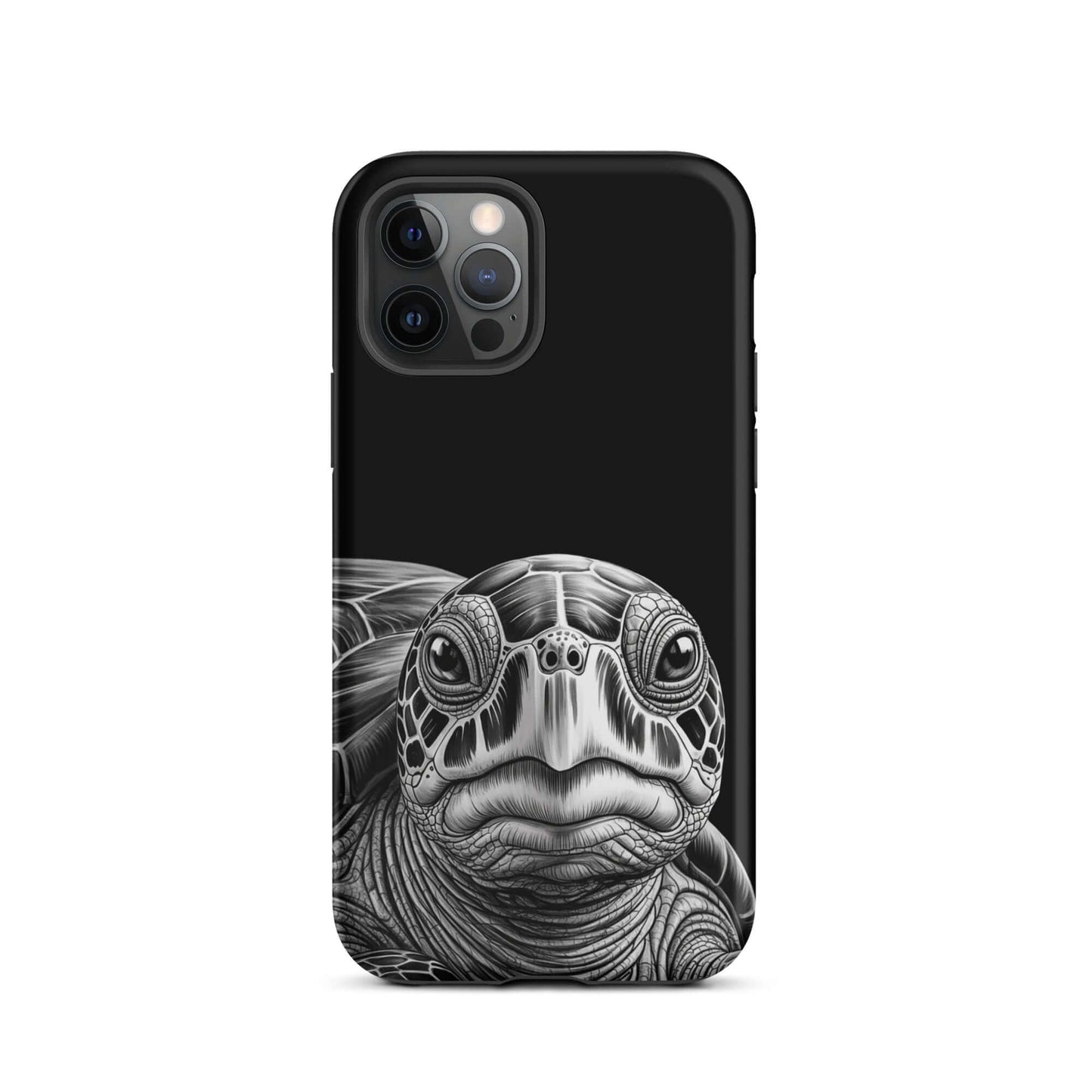 Phone Case for iPhone with ancient sea turtle art design, featuring detailed black-and-white pencil sketch for elegant protection.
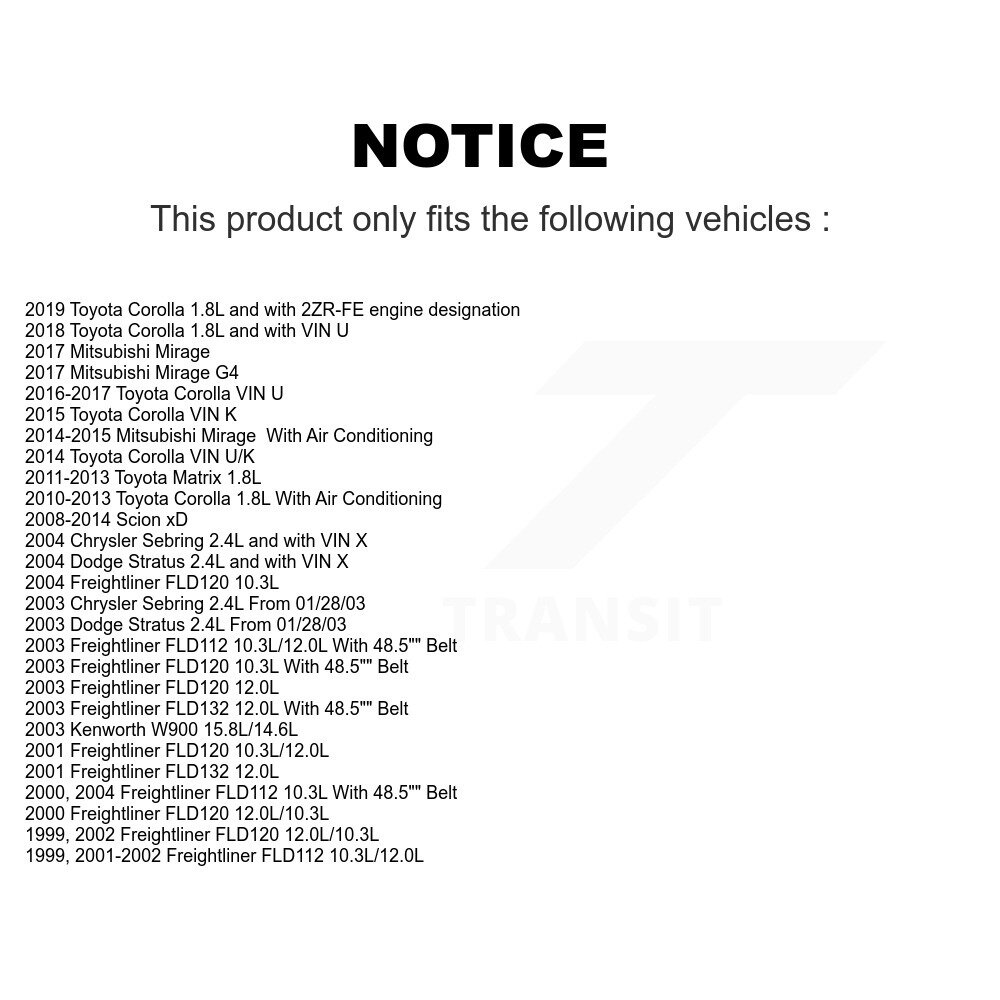 Serpentine Belt KBR-5060485 For Toyota Corolla Matrix Mitsubishi Mirage Scion - Image 2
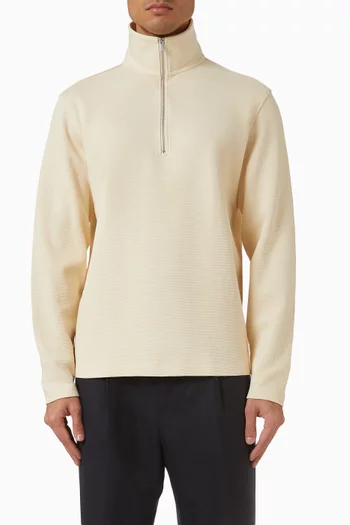 Zipped Sweatshirt in Cotton-blend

########################################

* What the exercise asks: Excluding every picture, set down the listing exactly.

* Worked solution:
 Phone Case for iPhone with ancient sea turtle art design, featuring detailed black-and-white pencil sketch for elegant protection.
 Serpentine Belt KBR-5060485 For Toyota Corolla Matrix Mitsubishi Mirage Scion - Image 2
 Zipped Sweatshirt in Cotton-blend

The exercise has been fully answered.